United Nations High Commissioner for Human Rights Michelle Bachelet today said she was troubled by the recent trend towards moving civilian functions under the Ministry of Defence or retired military officers, and renewed reports of surveillance and harassment of human rights defenders, journalists and victims.
In her oral updates and introduction to country reports of the Secretary-General and the High Commissioner at the UN Human Rights Council’s 43rd Session, Michelle Bachelet said, she also was not convinced with the appointment of yet another Commission of Inquiry to address Sri Lanka’s human rights issues.
High Commissioner said: “I move to our update on Sri Lanka,HRC/43/19, assessing the progress made in implementing Human Rights Council resolution 30/1. I regret that the new Government has announced a very different approach to the commitments previously made in the resolution which risks setting back efforts to advance reconciliation, accountability and human rights.
“The State must work for all its people and the needs of all communities, particularly the minorities, must be acknowledged and addressed. I urge the Government to preserve and build upon the gains which have been made over the last few years. In particular, I encourage the Government to ensure the Office on Missing Persons and the Office of Reparations are provided with political and resource support. The families of missing persons from all communities deserve justice and redress.
“Sri Lanka’s independent institutions, strengthened under the 19th Constitutional Amendment, are a key pillar in its democratic structure. And the space for civil society and independent media should be protected. I am therefore troubled by the recent trend towards moving civilian functions under the Ministry of Defence or retired military officers, and renewed reports of surveillance and harassment of human rights defenders, journalists and victims. The increasing levels of hate speech, and security and policy measures appear to be discriminately and disproportionately directed against minorities, both Tamil and Muslim.
“The fundamental problem remains that Sri Lanka has still not addressed impunity for past violations, nor undertaken the security sector reforms needed to address their drivers and enablers.

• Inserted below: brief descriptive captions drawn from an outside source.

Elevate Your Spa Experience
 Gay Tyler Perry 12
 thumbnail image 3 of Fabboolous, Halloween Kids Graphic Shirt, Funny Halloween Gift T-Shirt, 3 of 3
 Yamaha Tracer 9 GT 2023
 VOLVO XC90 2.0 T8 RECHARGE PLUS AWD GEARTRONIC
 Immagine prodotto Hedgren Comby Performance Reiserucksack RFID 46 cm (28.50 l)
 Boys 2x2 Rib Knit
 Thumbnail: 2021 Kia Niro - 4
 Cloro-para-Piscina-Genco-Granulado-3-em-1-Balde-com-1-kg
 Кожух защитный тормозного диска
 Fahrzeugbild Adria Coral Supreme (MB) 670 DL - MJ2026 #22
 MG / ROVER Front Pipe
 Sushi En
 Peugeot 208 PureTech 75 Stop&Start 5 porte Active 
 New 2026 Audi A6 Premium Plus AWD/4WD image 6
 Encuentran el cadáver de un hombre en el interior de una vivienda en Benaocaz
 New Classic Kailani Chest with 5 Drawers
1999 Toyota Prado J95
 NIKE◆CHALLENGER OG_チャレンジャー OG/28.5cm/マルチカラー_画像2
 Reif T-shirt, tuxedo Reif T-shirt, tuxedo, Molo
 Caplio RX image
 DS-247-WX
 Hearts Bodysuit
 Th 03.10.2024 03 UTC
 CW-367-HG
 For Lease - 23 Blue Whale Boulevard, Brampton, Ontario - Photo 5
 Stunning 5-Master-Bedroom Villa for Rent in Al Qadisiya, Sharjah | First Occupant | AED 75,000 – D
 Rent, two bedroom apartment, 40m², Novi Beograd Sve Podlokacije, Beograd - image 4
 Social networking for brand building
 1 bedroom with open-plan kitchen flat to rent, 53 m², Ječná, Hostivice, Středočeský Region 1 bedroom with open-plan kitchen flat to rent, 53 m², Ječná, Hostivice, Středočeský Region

Systemic barriers that continue to exist within the criminal justice system remain an impediment to real justice. Domestic processes have consistently failed to deliver accountability in the past and I am not convinced the appointment of yet another Commission of Inquiry will advance this agenda. As a result, victims remain denied justice and Sri Lankans from all communities have no guarantee that past patterns of human rights violations will not recur.
“I urge the Council to remain alert to this situation in terms of prevention and to explore all possible avenues for advancing accountability.”